WASHINGTON — The Federal Reserve on Wednesday cut its key interest rate by a quarter of a percentage point, the third straight cut that struck a warning tone about additional cuts in the coming years.
In a move widely expected by markets, the Federal Open Market Committee cut the overnight borrowing rate to a target range of 4.25% to 4.5%, returning to the level it was in December 2022 when interest rates were moving higher.
Although there was not a great deal of ambiguity around the decision itself, the key question was what the Fed would signal about its future intentions with inflation remaining firmly above target and economic growth fairly strong, conditions that do not usually coincide with Easing the policy.
Read what changed in the Fed statement.
In introducing the 25 basis point cut, the Fed indicated it was likely to cut only two more times in 2025, according to a closely watched “point chart” matrix of individual members' future interest rate expectations. The two cuts mark a halving of the commission's intentions when the scheme was last updated in September.
Assuming quarter-point increases, officials have indicated two additional cuts in 2026 and another in 2027. In the longer term, the committee expects the “neutral” interest rate to reach 3%, 0.1 percentage point higher than the September update as the level gradually drifts away. higher this year.
“With today’s action, we have cut interest rates by a full percentage point from their peak, and our policy stance is now significantly less restrictive,” Bank Chairman Jerome Powell said in his post-meeting news conference. “We can therefore be more cautious as we consider further adjustments to our interest rate.”
He added: “Today the decision was closer, but we decided that it was the right decision.”
Stocks were sold off after the Fed's announcement while Treasury yields jumped. Futures prices trimmed expectations for cuts in 2025 to a quarter-point cut, according to CME Group's FedWatch gauge.
“We moved very quickly to get here, and I think we're moving slower going forward,” Powell said.

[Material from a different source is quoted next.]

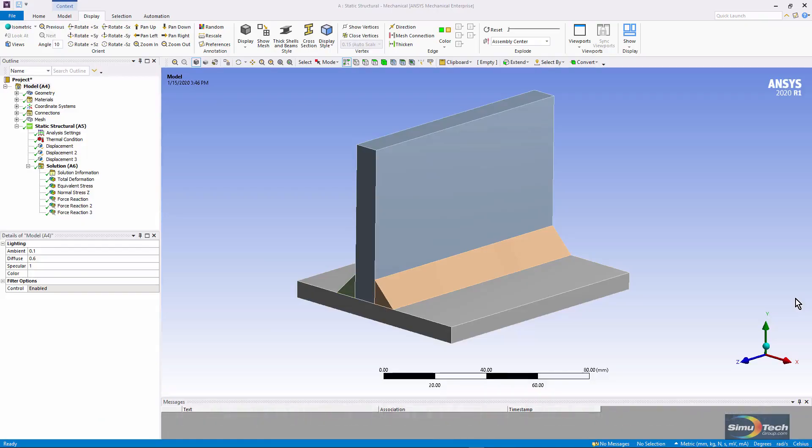Hello and welcome to this description of the distortion that's caused when a weld cools. I'm using ANSYS Workbench Mechanical.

For the second meeting in a row, a member of the Federal Open Market Committee objected: Cleveland Fed President Beth Hammack wanted the Fed to maintain the previous rate. Governor Michelle Bowman voted no in November, the first time a governor has voted against a rate decision since 2005.
The federal funds rate sets what banks charge each other for overnight lending, but it also affects a variety of consumer debt such as auto loans, credit cards and mortgages.

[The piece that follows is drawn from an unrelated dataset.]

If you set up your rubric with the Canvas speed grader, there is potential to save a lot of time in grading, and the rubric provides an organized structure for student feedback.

The post-meeting statement changed little in terms of adjusting the “extent and timing” of further interest rate changes, a slight change in language from the November meeting.
Change in economic outlook
The cut came even though the committee raised its GDP growth forecast for the full year to 2.5%, half a percentage point higher than in September. However, in the following years, officials expect GDP to slow to its long-term forecast of 1.8%.
Other changes to the summary of economic forecasts saw the committee lower the projected unemployment rate this year to 4.2%, while headline and core inflation as measured by the Fed's preferred measure were also pushed higher to estimates of 2.4% and 2.8%, respectively. Slightly higher than the Fed's expectations. September estimates are higher than the Fed's 2% target.
The committee's decision comes as inflation holds not only above the central bank's target but also while the Atlanta Fed expects the economy to grow at a 3.2% rate in the fourth quarter and the unemployment rate hovers around 4%.
Although these conditions would be more consistent with the Fed raising interest rates or keeping them the same, officials are concerned about keeping interest rates too high and risking an unnecessary slowdown in the economy. Despite macro data to the contrary, a Federal Reserve report earlier this month noted that economic growth had risen only “slightly” in recent weeks, with signs of declining inflation and slowing hiring.
Moreover, the Fed will have to contend with the impact of fiscal policy under President-elect Donald Trump, who has signaled plans to impose tariffs, tax cuts and mass deportations, all of which could lead to inflation and complicate the central bank's job.
Powell said of Trump's plans: “We have to take our time, not rush and make a very careful assessment, but only when we actually see what the policies are and how they have been implemented.” “We're not at that point.”
Normalization of politics
Powell noted that interest rate cuts are an attempt to reset policy because they do not need to be restrictive under current circumstances.
“We think the economy is in a really good place. We think politics is in a really good place,” he said Wednesday.
With Wednesday's move, the Fed will have cut interest rates by a full percentage point since September, the month in which it took the unusual step of cutting them by half a point. The Fed generally prefers to move up or down in smaller, quarter-point increments as it weighs the impact of its actions.
Despite the strong moves to the downside, the markets took the opposite direction.
Mortgage rates and Treasury yields rose sharply during this period, which may indicate that markets do not believe the Fed will be able to cut further. The policy-sensitive two-year Treasury yield jumped to 4.3%, putting it above the federal funds rate range.
In a related action, the Fed adjusted the rate it pays on its overnight repurchase facility to the minimum federal funds rate. It uses the so-called ON RPP rate as a floor for the funds rate, which has been drifting toward the lower end of the target range.